# Simple Modification of Jet 1014 Lathe



## kelvancra (May 4, 2010)

I got a fair deal on a mini Jet a while back, so got to see what the hullabaloo about lathes was all about. At least some what. I've been enjoying it a lot. All my files have really nice handles and so do a those of a few of my friends, for example.

Changing speed, by swapping the belt position, isn't horrible, but I can see why people upgrade to lathes with variable speed control.

To change speeds on my little lathe, you have to find a wrench and loosen a bolt. I could just buy a replacement knob, but I noticed the bolt allowed me to leave it snug enough to hold the motor in the up position, and to slid it back down.

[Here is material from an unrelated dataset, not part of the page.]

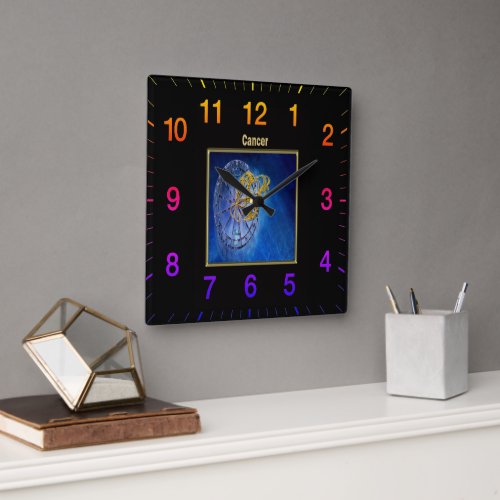 Cancer Zodiac Astrology design Horoscope Square Wall Clock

The only problem I had was, the washer would, occasionally, tilt a little and require me to go grab the wrench again, to loosen the bolt, adjust the washer, then lightly snug the bolt.

Anything to make changes easier is a good thing, of course. On a whim, I grabbed a pieces of 1/4" aluminum scrap about two inches long and used it for the washer. It's long enough, it doesn't tip.

Changing belt position is just a matter of pulling the motor lever up (pressure holds it in place), flip the two doors open, position the belt, close the doors, push the motor lever down again and go.

I don't know if this would help someone else on other lathes, but it might be worth trying, since it can be undone quickly, if it doesn't work.

P.S., I haven't had any problems with belt slippage.


----------



## loiblb (Jul 6, 2015)

I may give it a try.
I made a change to my mini that helps with using the levers on the tool rest and tail stock.
Easy to grab and work with.


----------



## kelvancra (May 4, 2010)

You can't see it in the pictures, but I did the same to the tail stock bed lock. It made a HUGE difference. Before, I kept the mallet there to give the lock a tap. Now the mallet still stays there, but only to prep the centers.

My tool rest stop doesn't fight me like the tail stock lock does, so I made no modification to it.

The longer handles are an excellent improvement (mine has a 3/4" copper "ferrule" too).


----------